All the valley is a stage for a surplus of performing arts

The people must have amusement as well as religion. -- Brigham Young

Ever since 1851, when Brigham Young ordered a large playhouse built for his Mormon pioneers, Salt Lake City has enjoyed a superb surplus of almost forced arts - far beyond what a small city could, in theory, support.

Yet the arts buzz like a beehive here, and the queens are the nationally ranked Utah Symphony Orchestra and Ballet West, both newly perched in their own splendid halls. And considering that half the valley's population is under 25 years old, and that large Mormon families here mean low-income audiences, it is indeed a surprise to discover an oasis of high entertainment in the West's cultural desert.

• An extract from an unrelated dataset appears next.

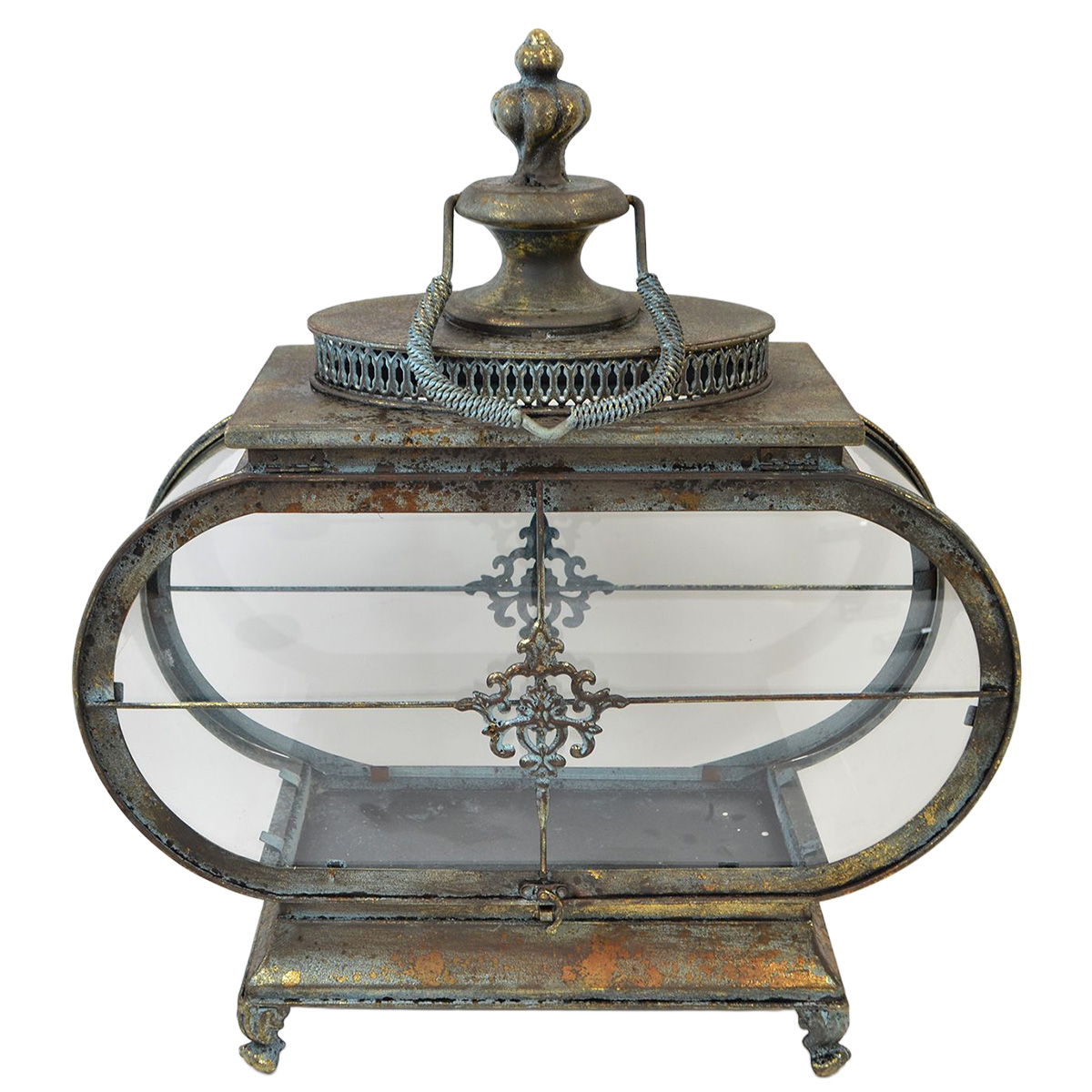 Laterne Ludwig Antik, breites Metallwindlicht im Nostalgielook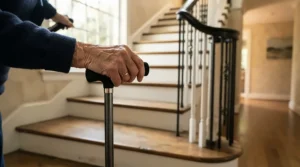Navigating steps safely when choosing a quad cane vs standard walking stick.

The arts, along with powder skiing, now serve as a drawing card for newcomers and businesses to a city with an image of conservative provincialism.

If there is a sting, it is in an unusual imbalance in favor of performing over visual arts. This preference for the active arts can only be explained by the necessity for financial or creative help from three yokemates: Mormons, the state government, and the University of Utah.

''Brigham Young was very concerned that the pioneers have some joy,'' says Ruth Draper, director of the Utah Arts Council. ''The Mormons literally sang and danced their way across the plains.'' Early Mormon missionizers were told to convert artists to help build ''the land of Zion,'' and Mormon actors were sometimes sent to Paris for lessons.

The city's most famous art export, the Mormon Tabernacle Choir, reflects the Mormon tradition for group participation in the arts, starting with family sings. The church's other arts activities provide a more-than-adequate breeding ground for Utah's performing troupes.

After World War II, however, the state took over the patron role, providing an indirect subsidy to performers by sponsoring tours of arts groups among Utah schools. Last year, for instance, nearly $600,000 in government money went for statewide performances of the Utah Symphony, Ballet West, and the Utah Opera. While that sum is the highest ever, its porportion of the budget for these groups has fallen from nearly 100 percent to less than 5 percent. Much of the money now comes from gentle arm-twisting among business leaders. Still, the state ranks in the top 10 in the nation in spending on arts per capita.

Next to Brigham Young, conductor Maurice Abravanel stands out as the kingpin for Salt Lake arts. Starting in the late 1940s, he has led the Utah Symphony from little-noticed concerts in the Mormon Tabernacle to the world-touring group it is today. The orchestra's new home in a $16 million arts complex (paid for mainly with state funds and a bond issue) anchors its future firmly.

Outside professionals, such as Mr. Abravanel, might not have stayed to upgrade the city's art institutions without the extra income and creative outlet of teaching positions offered by the University of Utah. The school also serves as another feeder for talent, including a unique four-year curriculum for training professional ballet dancers.

Salt Lake's art scene has gone beyond the level of pride to regular export of sohpisticated performers. But just so it never forgets its roots, the city turns out a sizable audience for a special show every summer: The church-backed Promise Valley Playhouse performs a reenactment of the Mormon trek across the plains in the 1840s.